New research shows that mutations in a gene may cause poor lung development in children, leaving them more vulnerable to diseases such as chronic obstructive pulmonary disease (COPD) later in life. Researchers at the University of Pittsburgh Graduate School of Public Health and the German Research Center for Environmental Health measured expression levels of a gene called superoxide dismutase 3 (SOD3) and its variants in both mouse lungs and in the lungs of children 9 to 11 years of age. SOD3 has previously shown to protect the lungs from the effects of asbestos and oxidative stress.
"People lose lung function as they age, so it’s important to identify possible genetic targets that control healthy development of the lungs during childhood," says study author George Leikauf, PhD, professor of occupational and environmental health at the University of Pittsburgh Graduate School of Public Health.
Leikauf and colleagues compared SOD3 expression levels in strains of mice with poor lung function to one with more efficient airways and lungs 2 times the size. The lungs of mice, like those of people, fully form as they mature to adulthood.
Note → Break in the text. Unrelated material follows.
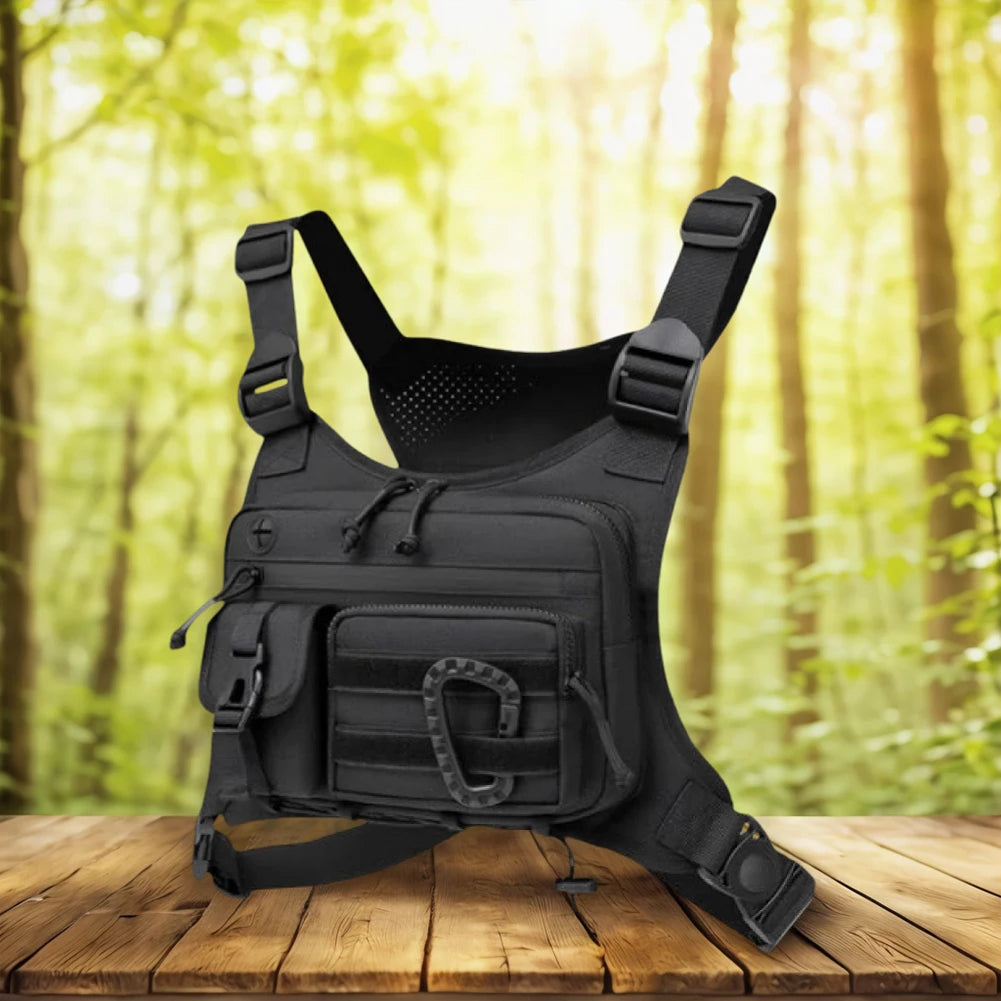 Outdoor Cycling Chest Bag Large Capacity Trendy Functional Backpack Multi Pocket Multifunctional Vest Chest Bag Work Backpack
The mice with better-functioning lungs maintained levels of SOD3 four times higher at the final stage of lung development. The researchers also found the presence of single nucleotide polymorphisms, or SNPs, variations in DNA sequences, in SOD3 that were linked to lung function in mice.
The researchers then assessed SOD3 mutations in children ages 9 to 11 by testing for SNPs linked to lung function. By analying DNA from 1,555 children in Munich and Dresden who were part of the International Study of Asthma and Allergy in Children, the researchers discovered two common SNPs associated with poorer lung function. One of these SNPs likely alters the expression levels of SOD3.
The study can be viewed online in Physiological Genomics.